Dengan mentas di Serie A, Como bisa menjadi ‘kendaraan’ bagi Grup Djarum keberadaannya dikenal dunia.

“Itu yang sebenarnya dicari, jadi bukan keuntungan langsung dari operasional klubnya karena sebenarnya kalau dari operasional sebenarnya rugi,” ucap Teguh.

“Memang yang mereka cari prestise, misal grup Djarum ini kan siapa yang gak tau di Indonesia. Mereka kalau bisa naik kelas menjadi brand global, dan cara yang paling bisa dilakukan adalah sepak bola. Karena sepak bola ini universal, banyak yang nonton,” tambahnya. 

Jejak Triliuner Indonesia di Klub Luar Negeri

Hartono bersaudara bersama Grup Djarum bukan satu-satunya konglomerat Indonesia yang berbisnis dengan membeli klub sepak bola luar negeri.

Selain Como, Tranmere Rovers juga diakuisisi pengusaha Indonesia pada 2019. Klub kasta ketiga Liga Inggris tersebut sahamnya dibeli Santini Group, yang didirikan pengusaha Indonesia Sofjan Wanandi pada 1994.

Klub yang pernah dibela Egy Maulana Vikri, Lechia Gdanks dari Polandia, 10 persen sahamnya dimiliki oleh PT Veritra Sentosa Internasional (Paytren), yang merupakan perusahaan milik Yusuf Mansur.

Ustaz kondang itu membeli saham Lechia pada 2018. Kabarnya, ia menggeontorkan fulus 2,5 juta euro atau sekitar Rp 41,2 miliar untuk memiliki 10 persen saham Lechia.

Leicester City, yang menjuara Liga Inggris musim 2015-16 sahamnya pernah dimiliki orang Indonesia Imam Arif sebesar 20 persen. Ia membeli saham Leicester pada 2011, tapi setahun kemudian melepas seluruh sahamnya ke perusahaan pemilih saham mayoritas Leicester, King Power.

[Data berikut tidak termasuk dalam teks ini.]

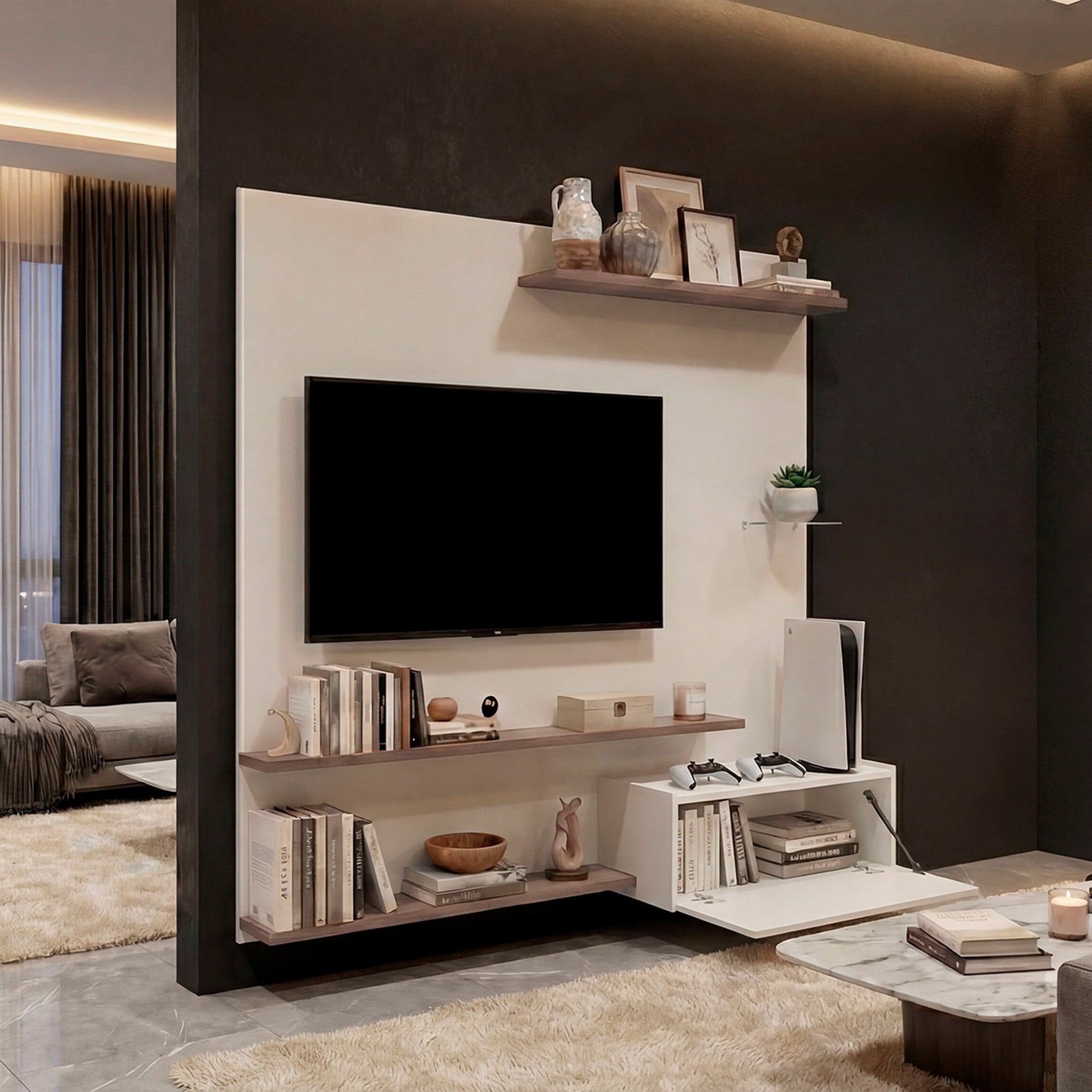 Panel De Tv Henry 180X180X36 Rta Blanco Mqz Avellana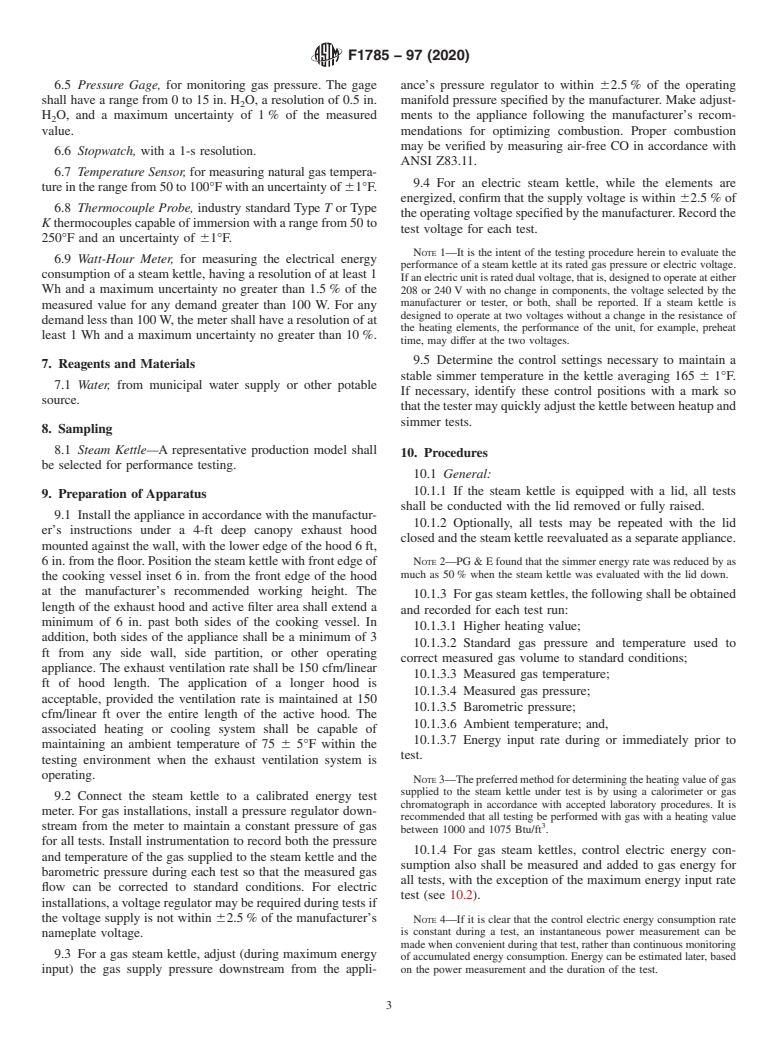 ASTM F1785-97(2020) - Standard Test Method for Performance of Steam Kettles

Erick Thohir bersama mantan Presiden Inter Milan Massimo Moratti. (Instagram/@erickthohir)

Erick Thohir juga pernah mengakuisisi DC United, klub yang bermain di Major League Soccer, pada 2012. Ia bersama rekannya, Jason Lavien membeli 78 persen saham DC United. Pada Agustus 2018, Thohir melepas sahamnya di DC United.

Namun pembelian saham klub paling fenomenal dilakukan Erick Thohir saat menguasai saham Inter Milan. Ia mengakuisisi 70 persen saham La Beneamata yang sebelumnya dimiliki Massimo Moratti.

Tapi ia hanya bertahan tiga tahun memegang saham mayoritas, sebelum menjual sahamnya ke Suning Group sebesar 39 persen. Pengaruh pria yang kini menjabat sebagai Menteri BUMN itu sepenuhnya hilang setelah menjual sisa sahamnya di Inter kepada perusahaan asal Hong Kong, Lion Rock pada 2019.

Sementara itu, Bakrie Group juga sempat membeli saham tim Belgia CS Vise dan tim Australia Brisbane Roar.